Louise Weiss (25 January 1893 – 26 May 1983) was a French author, journalist, feminist and European politician.

Life 
Born in Arras, Pas-de-Calais, Louise Weiss came from a cosmopolitan family of Alsace. Her father, Paul Louis Weiss (1867-1945), a mining engineer, was a distinguished Alsatian Protestant from La Petite-Pierre. The ancestors of her Jewish mother, Jeanne Félicie Javal (1871-1956), originated from the small Alsatian town of Seppois-le-Bas. Her maternal grandfather was Louis Émile Javal.

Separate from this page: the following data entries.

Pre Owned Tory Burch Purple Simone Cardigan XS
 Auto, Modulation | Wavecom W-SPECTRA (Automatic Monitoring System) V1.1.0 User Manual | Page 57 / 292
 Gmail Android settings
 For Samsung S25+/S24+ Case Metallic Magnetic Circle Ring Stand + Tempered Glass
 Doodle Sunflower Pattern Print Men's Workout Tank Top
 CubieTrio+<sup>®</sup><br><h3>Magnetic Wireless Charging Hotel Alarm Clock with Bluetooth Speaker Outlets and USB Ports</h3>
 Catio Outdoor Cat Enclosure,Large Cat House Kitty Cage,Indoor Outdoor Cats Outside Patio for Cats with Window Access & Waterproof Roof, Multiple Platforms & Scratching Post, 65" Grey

Through her mother she was the niece of Alice Weiller (née Javal) and the cousin of Paul-Louis Weiller, the son of Alice and Lazare Weiller. One of her siblings was Jenny Aubry. She grew up in Paris with five siblings, was trained as a teacher against the will of her family, was a teacher at a secondary school for arts and awarded a degree from Oxford University. From 1914 to 1918, she worked as a war nurse and founded a hospital in the Côtes-du-Nord. From 1918 to 1934, she was the publisher of the magazine, . From 1935 to the beginning of World War II, she committed herself to women's suffrage. In 1936, she stood for French parliamentary elections, running in the Fifth arrondissement of Paris. During the War, she was active in the French Resistance. She claimed she was a member of the Patriam Recuperare network; however this was formally denied by members of the network.  She was chief editor of the secret magazine, "Nouvelle République" from 1942 until 1944. In 1945, she founded the Institute for Polemology (research on war and conflict) together with  in London. She travelled around the Middle East, Japan, China, Vietnam, Africa, Kenya, Madagascar, Alaska, India, etc., made documentary films and wrote accounts of her travels. In 1975, she unsuccessfully tried twice to be admitted to the Académie Française. In 1979, she became a Member of the European Parliament for the Gaullist Party (now The Republicans).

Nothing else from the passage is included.